··· RECORDS TO PROCESS

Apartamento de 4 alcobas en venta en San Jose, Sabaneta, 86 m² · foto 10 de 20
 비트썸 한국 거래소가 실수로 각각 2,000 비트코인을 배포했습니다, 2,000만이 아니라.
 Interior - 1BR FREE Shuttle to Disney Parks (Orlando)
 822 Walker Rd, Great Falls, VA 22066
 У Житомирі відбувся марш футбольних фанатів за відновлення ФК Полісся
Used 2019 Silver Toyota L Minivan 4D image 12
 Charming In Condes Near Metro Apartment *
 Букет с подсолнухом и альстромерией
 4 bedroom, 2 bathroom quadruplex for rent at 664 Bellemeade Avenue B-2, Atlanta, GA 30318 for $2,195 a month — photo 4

······

Transcribe the listing so that each line matches exactly.

Apartamento de 4 alcobas en venta en San Jose, Sabaneta, 86 m² · foto 10 de 20
 비트썸 한국 거래소가 실수로 각각 2,000 비트코인을 배포했습니다, 2,000만이 아니라.
 Interior - 1BR FREE Shuttle to Disney Parks (Orlando)
 822 Walker Rd, Great Falls, VA 22066
 У Житомирі відбувся марш футбольних фанатів за відновлення ФК Полісся
Used 2019 Silver Toyota L Minivan 4D image 12
 Charming In Condes Near Metro Apartment *
 Букет с подсолнухом и альстромерией
 4 bedroom, 2 bathroom quadruplex for rent at 664 Bellemeade Avenue B-2, Atlanta, GA 30318 for $2,195 a month — photo 4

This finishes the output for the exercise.